**RECORD SET:**
--*--

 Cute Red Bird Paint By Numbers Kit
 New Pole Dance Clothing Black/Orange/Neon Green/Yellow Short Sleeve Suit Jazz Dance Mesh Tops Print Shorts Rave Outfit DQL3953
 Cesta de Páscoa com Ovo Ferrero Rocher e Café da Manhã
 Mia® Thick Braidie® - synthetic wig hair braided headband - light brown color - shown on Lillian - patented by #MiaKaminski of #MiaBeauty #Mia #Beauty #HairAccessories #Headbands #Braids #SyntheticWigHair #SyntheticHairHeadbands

--*--

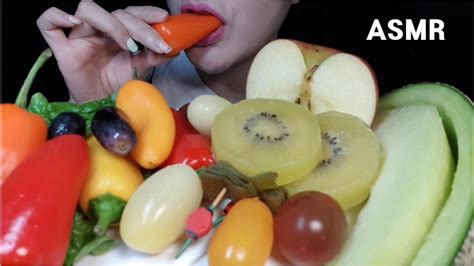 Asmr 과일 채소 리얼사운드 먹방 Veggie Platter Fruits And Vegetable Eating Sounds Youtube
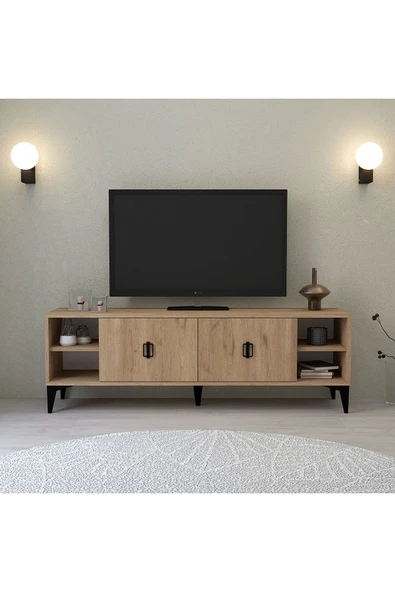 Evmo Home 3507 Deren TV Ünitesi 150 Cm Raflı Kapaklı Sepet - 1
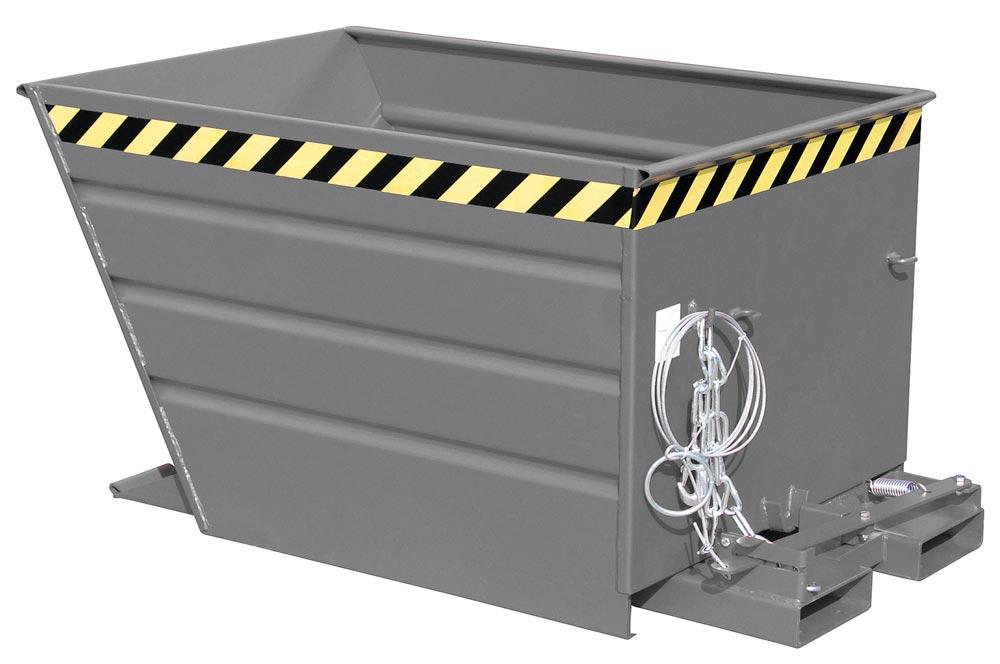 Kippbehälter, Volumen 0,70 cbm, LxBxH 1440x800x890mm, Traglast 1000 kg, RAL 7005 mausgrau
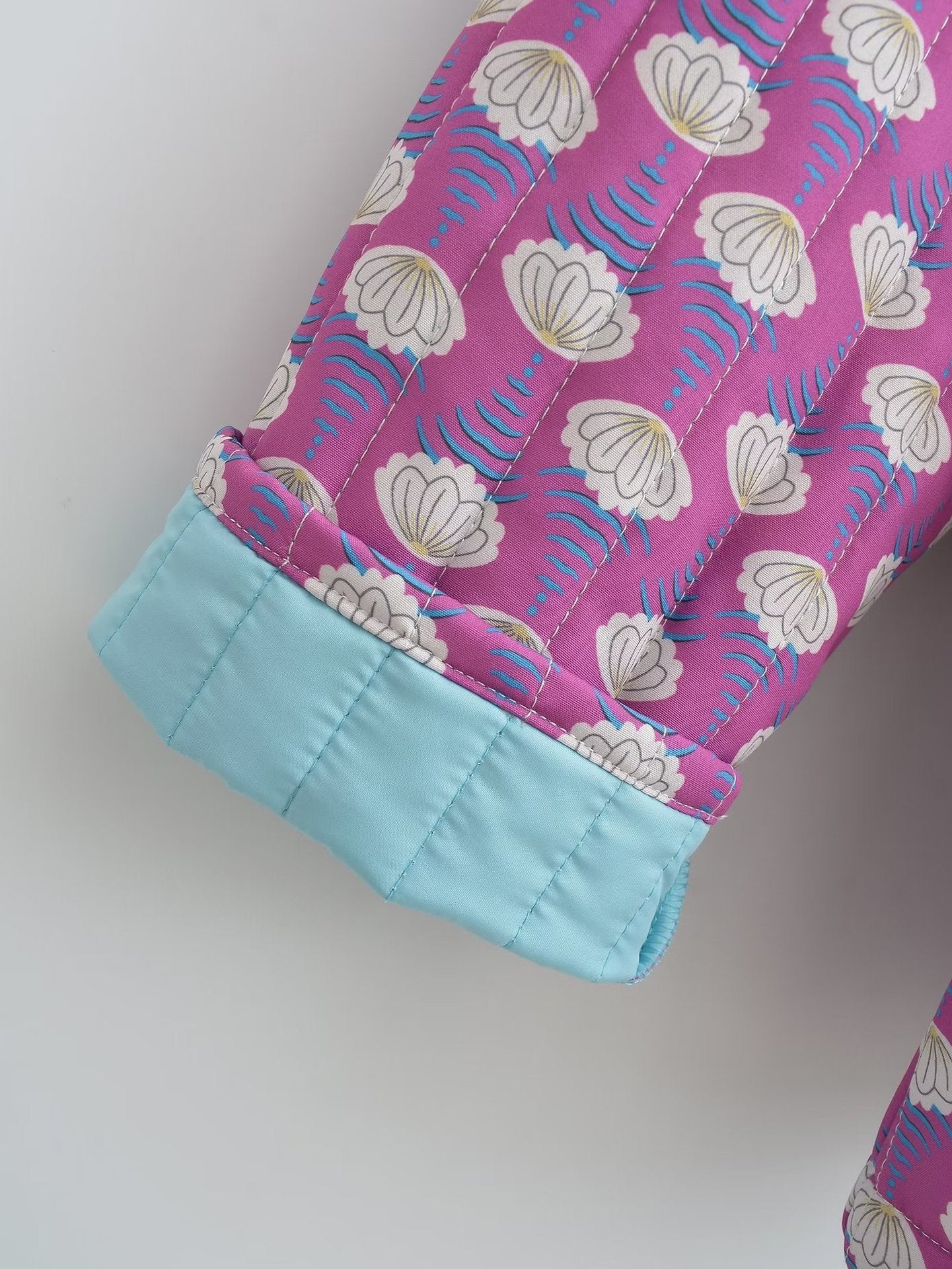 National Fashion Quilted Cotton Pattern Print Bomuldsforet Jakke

--*--

Would you set down only the lines above from the line with "Asmr 과일 채소 리얼사운드" to the line with "National Fashion Quilted", both included, exactly as they stand and without the pictures?

**SOLUTION:**
 Asmr 과일 채소 리얼사운드 먹방 Veggie Platter Fruits And Vegetable Eating Sounds Youtube
 Evmo Home 3507 Deren TV Ünitesi 150 Cm Raflı Kapaklı Sepet - 1
 Kippbehälter, Volumen 0,70 cbm, LxBxH 1440x800x890mm, Traglast 1000 kg, RAL 7005 mausgrau
 National Fashion Quilted Cotton Pattern Print Bomuldsforet Jakke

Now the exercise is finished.